**DATA SUPPLIED:**
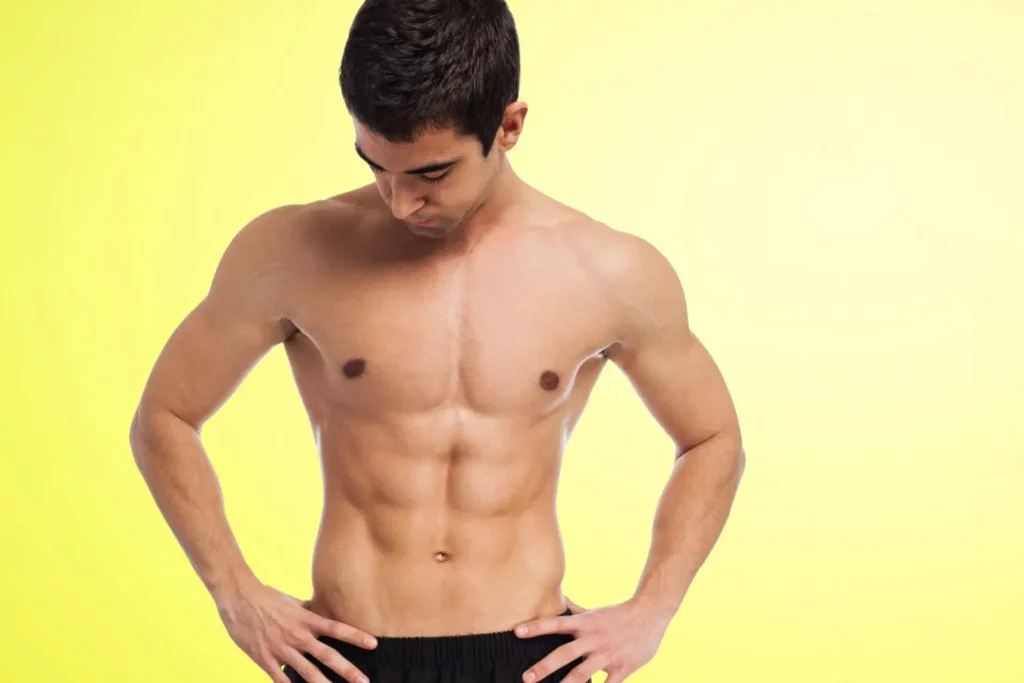 Fit man looking down at his toned, flat abdomen showing the type of smooth abdominal results achievable with a tummy tuck procedure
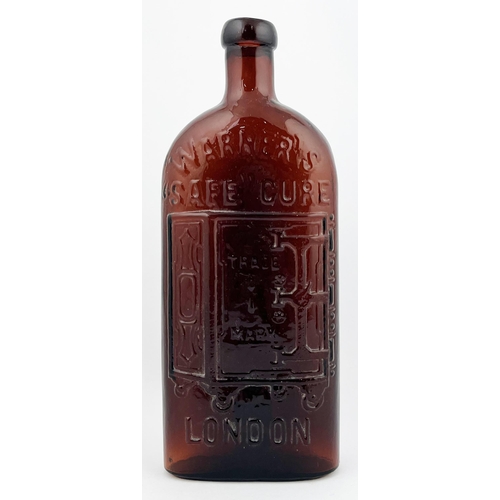 673 - LONDON WARNERS SAFE CURE BOTTLE. 9.25ins tall. Deep amber/ red. Safe motif to centre, embossed lette... 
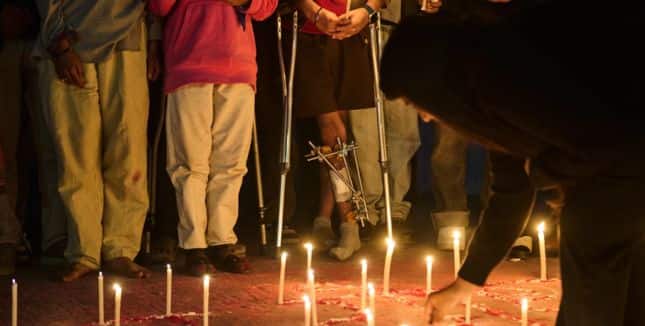 Members of Gen Z protest groups are joined by injured victims and family members of those who died during September protests at a candlelight vigil outside the Parliament building in Kathmandu, Nepal, on Dec. 9, 2025.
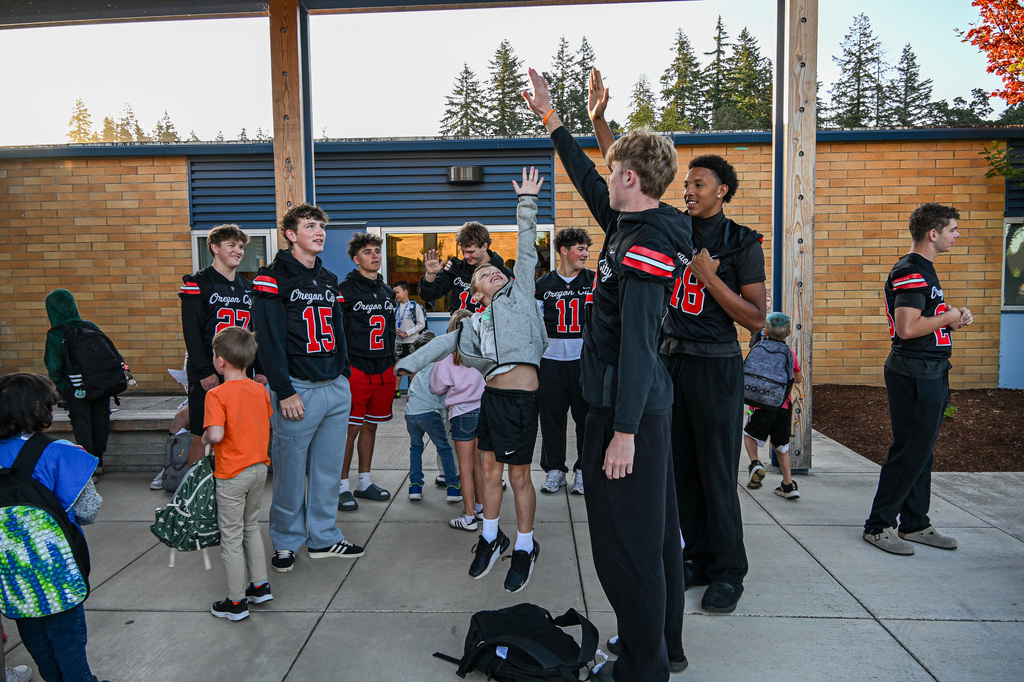 Football players greeting students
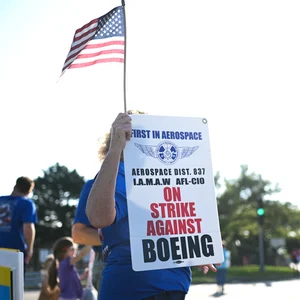 Striking Boeing workers rejected another offer as earnings loom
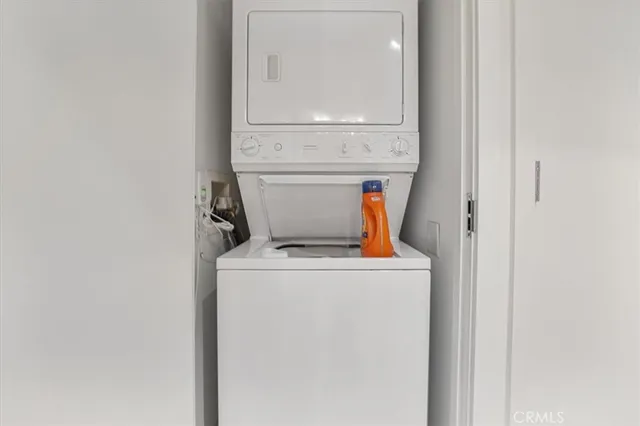 a living room with furniture wooden floor and a large window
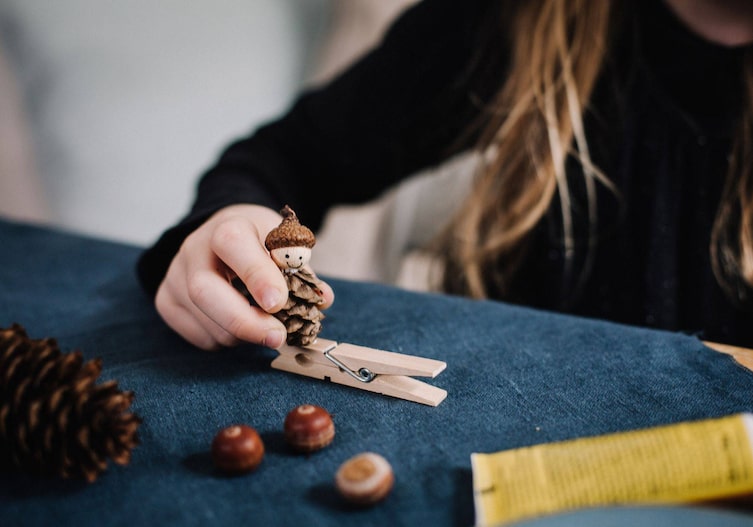 Kinderhand drückt das fertige Wichtel-Bockerl auf eine Holzkluppe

**WORK INSTRUCTION:** Could you reproduce all of the material exactly? Keep the pictures out of it.

**SOLUTION FOR THIS EXERCISE:**
 Fit man looking down at his toned, flat abdomen showing the type of smooth abdominal results achievable with a tummy tuck procedure
 673 - LONDON WARNERS SAFE CURE BOTTLE. 9.25ins tall. Deep amber/ red. Safe motif to centre, embossed lette... 
 Members of Gen Z protest groups are joined by injured victims and family members of those who died during September protests at a candlelight vigil outside the Parliament building in Kathmandu, Nepal, on Dec. 9, 2025.
 Football players greeting students
 Striking Boeing workers rejected another offer as earnings loom
 a living room with furniture wooden floor and a large window
 Kinderhand drückt das fertige Wichtel-Bockerl auf eine Holzkluppe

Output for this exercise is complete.